Barreiro reviewed key components: an electronic filing portal (eFile Illinois is state-provided), the local ECHO courtroom application that supports paperless criminal courtrooms, task queues that route orders and interpreter requests, DocuSign integration for signatures and a public dashboard that reports safety-act impacts and case statistics. She said the county transitioned to a largely remote-capable clerk's office during COVID and did not experience the backlogs some other jurisdictions saw.
A demo walked the committee through filing a case, adding charges and how the system sends entries to the state's attorney's office.
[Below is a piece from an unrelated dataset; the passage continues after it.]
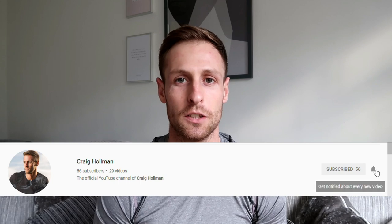Hello YouTube and welcome to my channel and my new video. Before we start, remember to click the subscribe button and the notifications bell for more of my future content.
Jessica Swara, the circuit clerk's court operations manager, demonstrated disposition entry screens and how statutory fee schedules and multi-count sentencing orders are entered into the system.
Barreiro and staff acknowledged usability complaints from some users and said training videos, help lines and targeted support are available. They also said a replacement public portal, "justice case access," will offer improved searching (case number and smart-name search) and clarified that certain documents remain restricted to protect sensitive proceedings until service is completed.
The committee did not take formal action; staff said the county will continue implementing portal upgrades, prepare for automatic expungement workflows and provide training resources to local users.